Two of the astronauts flew in previous missions while the third is going to space for the first time, China Manned Space Agency Assistant Director Ji Qiming told reporters at the Jiuquan Satellite Launch Centre in northwestern China on Wednesday.
The main section of the Tianhe, or Heavenly Harmony, station was launched into orbit on April 29.
The three men heading to the space station on Thursday plan to live there for three months, conducting spacewalks, maintenance work and science experiments.
The astronauts will be traveling in the Shenzhou-12 spaceship launched by a Long March-2F Y12 rocket set to blast off at 9.22am local time (2.22am UK time) on Thursday.

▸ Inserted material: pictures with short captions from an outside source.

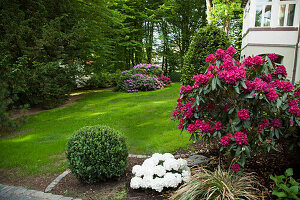 Flowering rhododendrons and arrangement of garden shrubs in front of a house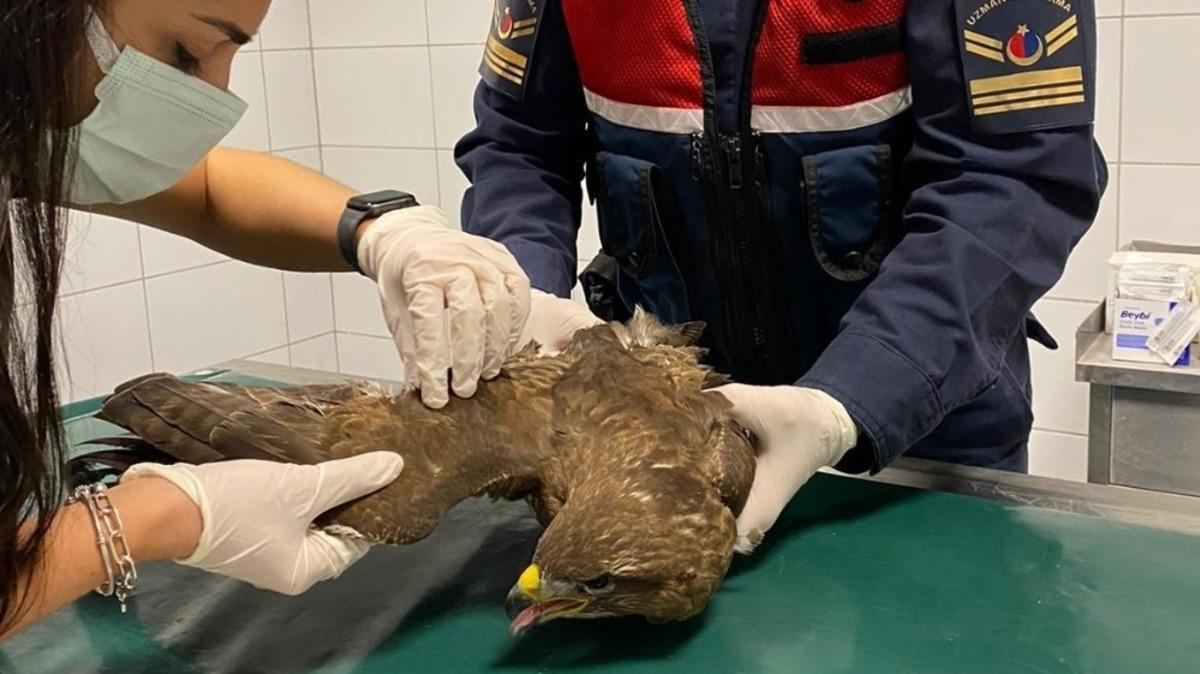 Kırıkkale&rsquo;de nadir g&ouml;r&uuml;len &rsquo;pa&ccedil;alı şahin&rsquo; yaralı bulundu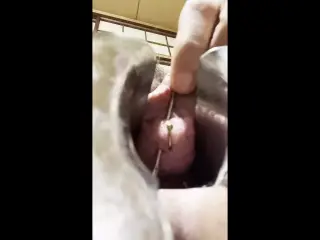 Urethral piercing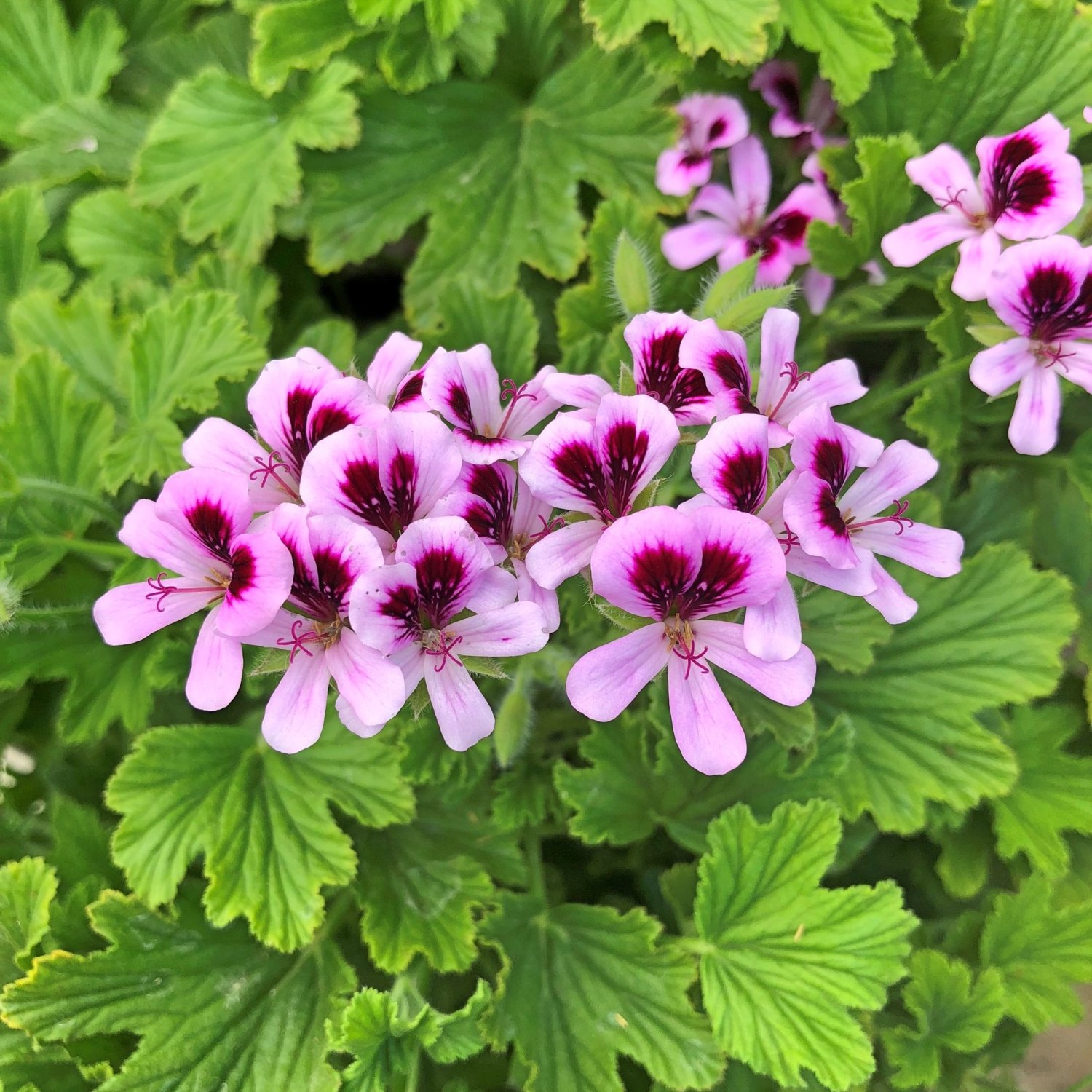 Scented Leaved Geraniums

The mission would be the third of 11 that are planned through the end of next year to build and maintain the station and send up crew members and supplies, and the station’s other two modules are due to be launched next year.
It is the first crewed Chinese mission in five years.
China has sent 11 astronauts into space since becoming only the third country to do so in 2003, all of them pilots from the ruling Communist Party’s military wing, the People’s Liberation Army.
Though the first Tianhe crew will be all male, women will be part of future crews on the station, officials have said.
Beijing does not participate in the International Space Station (ISS), largely due to US concerns over the Chinese programme’s secrecy and its military connections.
Despite that, foreign science missions and possibly foreign astronauts are expected to visit the Chinese station in future.
Once completed, the Tianhe will allow for stays of up to six months, similar to the much larger International Space Station.
The Chinese station reportedly is intended to be used for 15 years and may outlast ISS, which is nearing the end of its functional lifespan.
The launch of Tianhe was considered a success although China was criticised for allowing the uncontrolled re-entry to Earth of part of the rocket that carried it into space. Usually, discarded rocket stages re-enter the atmosphere soon after lift-off, normally over water, and don’t go into orbit.
The rocket blasting off on Thursday is of a different type, and Ji dismissed concerns about it or the models used for cargo missions posing a threat when they re-enter. China published their trajectories and they are expected to burn up long before they could be a danger, he said.